■ Your assignment ■
Nothing but a verbatim copy of the data, minus the images, should be returned.

■ Data segment ■
========

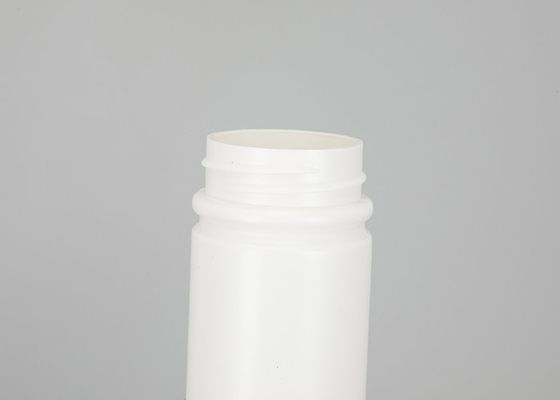 Tıp Kimyasalları İçin Vidalı Kapaklı Plastik Hap Şişeleri 60ml 120ml Beyaz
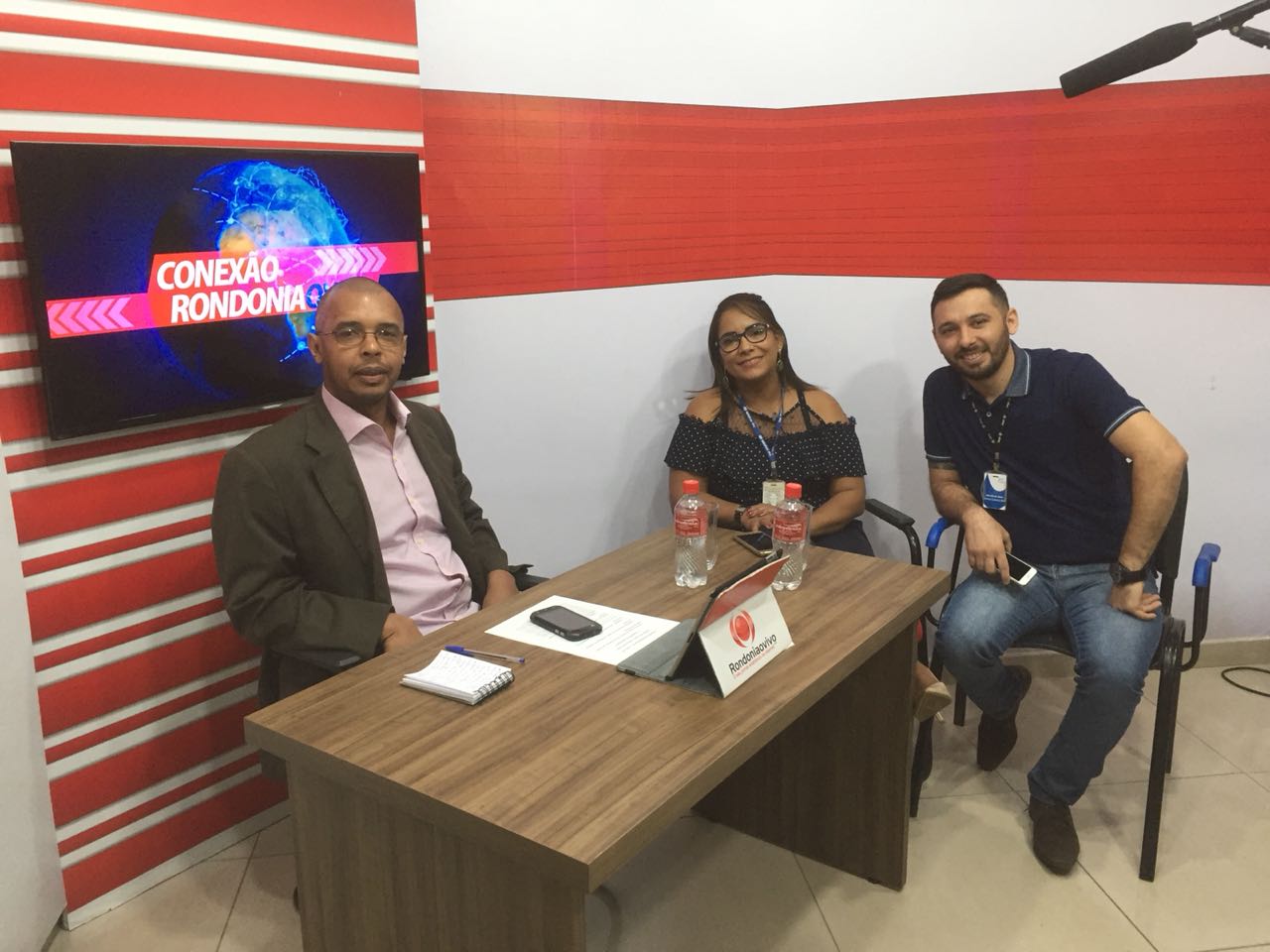 CONEXÃO RONDONIAOVIVO: Entrevista com os representantes do Grupo Saga, Carla Abreu e Valter Santos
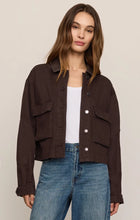Load image into Gallery viewer, Rey Cropped Chore Jacket
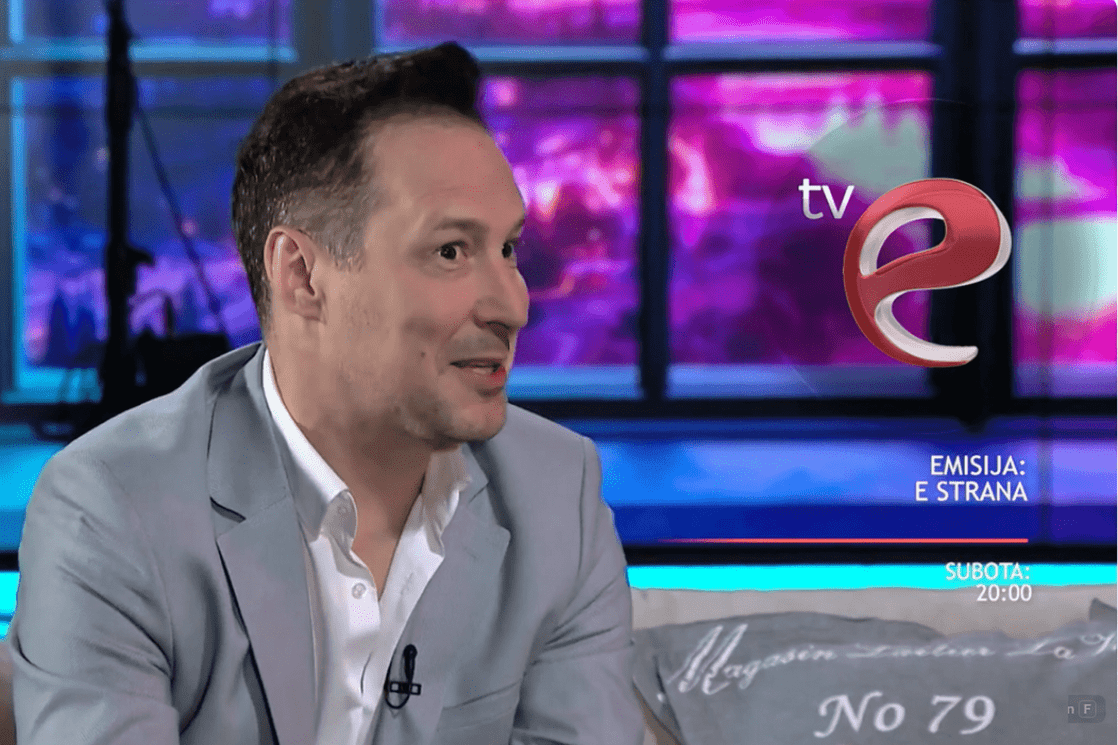 Peđa Jovanović u E strani na TvE: Večeras od 20 sati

========

■ Answer below ■
 Tıp Kimyasalları İçin Vidalı Kapaklı Plastik Hap Şişeleri 60ml 120ml Beyaz
 CONEXÃO RONDONIAOVIVO: Entrevista com os representantes do Grupo Saga, Carla Abreu e Valter Santos
Load image into Gallery viewer, Rey Cropped Chore Jacket
 Peđa Jovanović u E strani na TvE: Večeras od 20 sati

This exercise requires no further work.